Ruthie had forgotten that. “Okay, so it wasn’t all bad.”

He snorted a laugh. “She sure was ticked. So why’d ya mention that?”

She explained slowly. “I was turning twelve. You were already six. Uh, how old are you now, Chuck?”

He hesitated for a moment longer than anyone should have when asked that question. “Twenty-three next month.”

She waited, watching the wheels churn behind the bright blue eyes. Saw him calculate. “Oh, yeah, right,” he finally said with the lazy nod. “See, I toldja I didn’t miss it.”

“There’s a reason you’re so gorgeous,” Ruthie muttered beneath her breath. Her mother’s favorite saying suddenly popped into her head. Heaven distributes its gifts.

Chuck got the tall, blond, lean and gorgeous genes. He was like Ruthie’s late father and her uncle in that respect—and like Celeste and Denise. But Chuck had been just a bit shortchanged in the “quick” department. “I guess there are worse things than big hips and kinky red hair,” she continued with a yawn.

“Huh?”

“Never mind, sweetie,” she said as she wearily turned toward the elevator. “I was just coming in to say good-night. I’m going up to my room. Don’t call me in the morning, as I’m quite sure I’ll be sleeping off a champagne headache.”

He smirked. “Yeah, I’ll bet. You must’ve had a hellish good time. I’ve never seen you rockin’ when you’re walkin’.”

She didn’t ask what he meant, too tired to try to follow his reasoning tonight. “The ceremony was beautiful,” she conceded. “But I’d rather forget everything else that happened this evening.”

“That bad?”

A flash of memory brought a sudden warmth to her cheeks.

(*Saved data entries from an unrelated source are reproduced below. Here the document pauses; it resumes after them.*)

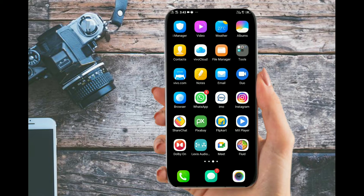Hi, welcome back! We are going to discuss this video about your mobile phone and computer interface.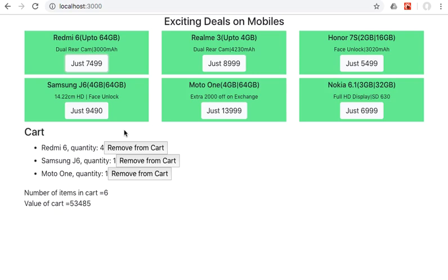ID already exists in the cart. We increment it; otherwise we add it new to the cart. And whenever we click on remove from cart, we remove it from that cart. So this is how we will create this application.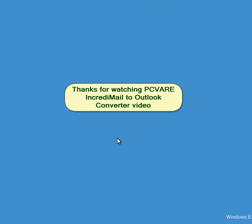Thanks for watching PCVARE IncrediMail to Outlook Converter video.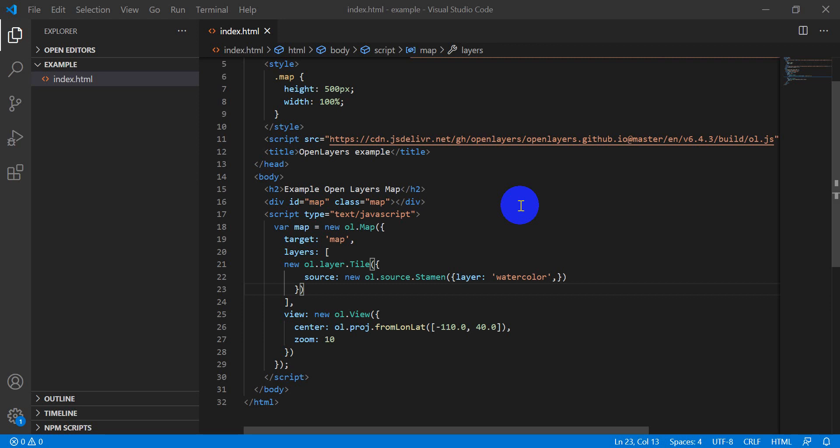Hey guys, welcome to another OpenLayers tutorial. This will be the second tutorial. In the first one, we covered how to set up a basic OpenLayers map, to change the layers, to do a little bit with the zoom, and how to center the layer.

The man. The dark-haired stranger in the kitchen. Well, she might want to forget how foolish she must have appeared to him, but she certainly would never forget the expression on his face—the one that said he thought she was desirable.

But she’d never see him again. Which was what she’d wanted, wasn’t it? Even if it wasn’t, it didn’t matter. She never got his name! She’d never asked, probably subconsciously keeping their interlude anonymous, enjoying its mystery and magic.

“Let’s just say, after I watched Celeste tie the knot, the evening went downhill faster than you did the time you broke your arm trying to sled on a greased trash can lid.”

He looked puzzled, trying to place the memory. Ruthie blew him a tired kiss and turned to leave the lobby.

“Hey, Ruthie, take a few aspirin tonight before you go to sleep. Should make you feel better in the a.m.”

She gave a rueful chuckle. “Chuck, there is absolutely nothing that can happen to me tonight that will make me feel better in the a.m.”